The Kirkland Heritage Society has called Juanita Beach Park "likely the most historic property owned by the City of Kirkland". Prior to European colonization, Juanita Bay (including both Juanita Beach Park and nearby Juanita Bay Park) was home to several Duwamish longhouses, collectively referred to as təb(ɬ)tubixʷ, Lushootseed for 'Loamy Place'. Between 1876 and 1877 the site was homesteaded by 33rd Illinois Volunteer Infantry Regiment Union veteran Dorr Forbes of Allegany County, New York and his wife Eliza. Forbes owned several properties in what is now Kirkland, including a farm at Forbes Lake, the future site of Peter Kirk's failed Great Western Iron and Steel Company endeavor, which is now sometimes called Lake Kirkland.

As a result of the 1916 construction of the Lake Washington Ship Canal, the lake dropped 8.8 feet to match Lake Union's level, which exposed a white sand beach along what is now Juanita Beach. This, as well as the bay's naturally long shelf, which creates a shallow expanse of water out to 500 feet, made the site a fit for recreation.

The Forbes resort, called Juanita Beach, was opened in 1921 by Dorr Forbes' son Leslie and his wife Alicia. Over the course of several years, they built up a kitchen, cabins, a bathhouse, jukebox, dance floor, and sold rental swim gear to visitors. They faced competition from neighboring resorts, which were ultimately subsumed by King County's public park on the site.

Juanita Beach was popular and acclaimed even throughout the Great Depression.

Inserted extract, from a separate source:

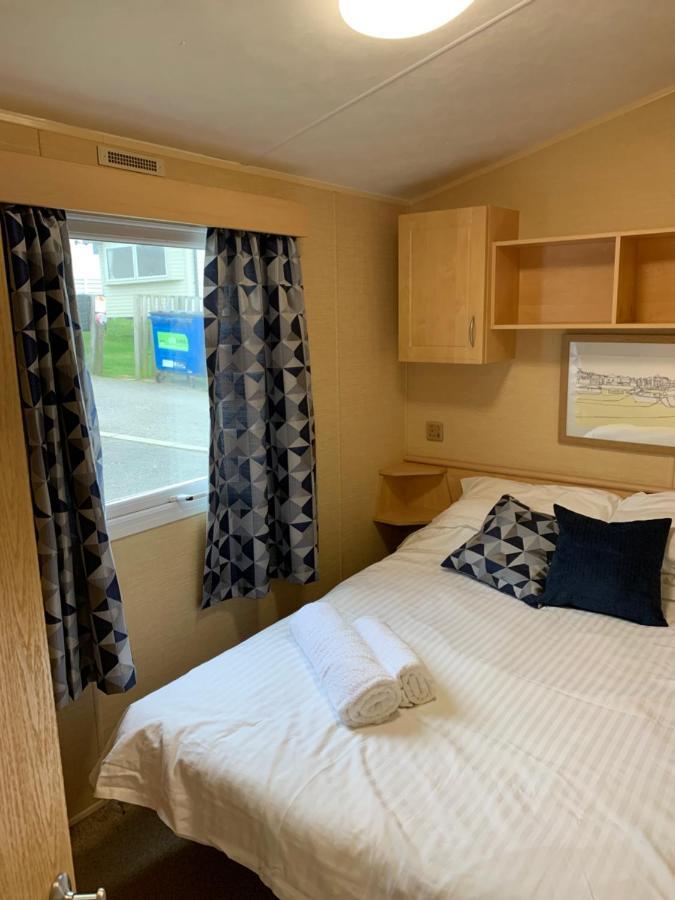 Newquay Bay Porth Caravan Hotel ภายนอก รูปภาพ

However, attendance fell following the Second World War, and after pollution issues temporarily closed the park in 1953, the Forbes family would ultimately sell the resort's land to King County in 1956. The county designated the land for use as a public park and subsequently purchased the adjacent resorts in 1957 to expand its size. Numerous investments in the park were made by King County throughout the 1960s and 70s, including a bathhouse, the park's concrete pier enclosing the swimming area, and the hiring of a caretaker to address crime.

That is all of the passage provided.